We were at Hasan Abdal, where Gurdwara Punja Sahib is located. The first Sikh Guru, Guru Nanak Dev, is said to have stopped (with his punja or hand) at the precise location where the Gurdwara now is, a boulder rolled downhill by a Godman, Wali Qandhari. He is supposed to have been quite unpleased by the fact that the Guru had asked his followers to dig for water, which he had refused to allow them to take from a pond he owned uphill. The digging is said to have caused a stream to appear and Wali Qandhari's pond to disappear, hence leading him to react so strongly.
Not quite the thing my brother and I would have done though, exasperated as we both were as we followed our mother through the narrow lanes of Hasan Abdal's main bazar, one evening. For the uninitiated, our Ma's idea of tourism, of being at new places, is mainly to browse through the main markets and bazars and our job obviously is to lug around all that she purchases or rather manages to purchase within the short time span of the trip, with our Pa making the payments.

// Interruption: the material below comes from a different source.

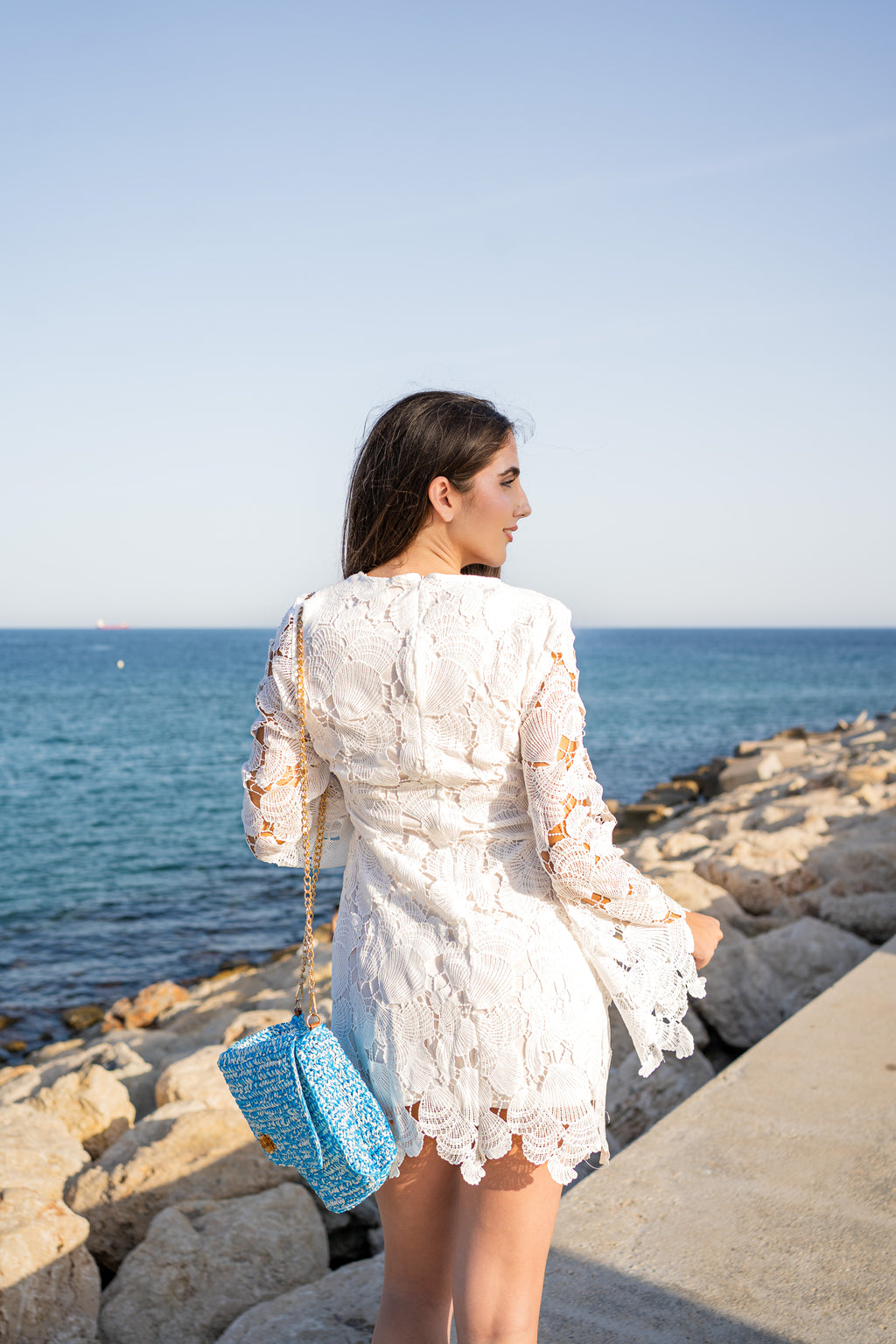 VESTITO IN PIZZO CON RICAMO A FIORI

Anyway, that evening it just so happened that we noticed something we could purchase for ourselves, namely a pair of black, Pathan-style, leather sandals. So, we promptly asked Ma dear to step into the shop with us. As soon as we had picked our respective pairs, began the tedious process of price-negotiations. Now, we are quite used to seeing this happen, right from when Ma purchases vegetables to, well, lots of other things. This, however, was quite different from anything we had seen before. The shopkeeper spoke such perfect Punjabi and was so exceedingly polite that after a while I found myself joining in, on the shopkeeper's side!
This incident, besides the one at Lahore when a shopkeeper refused to accept payment for three large tumblers of lassi that we had consumed and that was second in terms of taste only to the one I used to drink at my maternal grandmother's place, shall always remain among my most cherished memories of the trip.
This is despite the fact that we were overcharged for a number of products and services we purchased, while we were in Pakistan, right from fruit juices and soft drinks to rides in buses and motorised rickshaws. But then, we have been similarly overcharged while visiting an Indian city or town for the first time.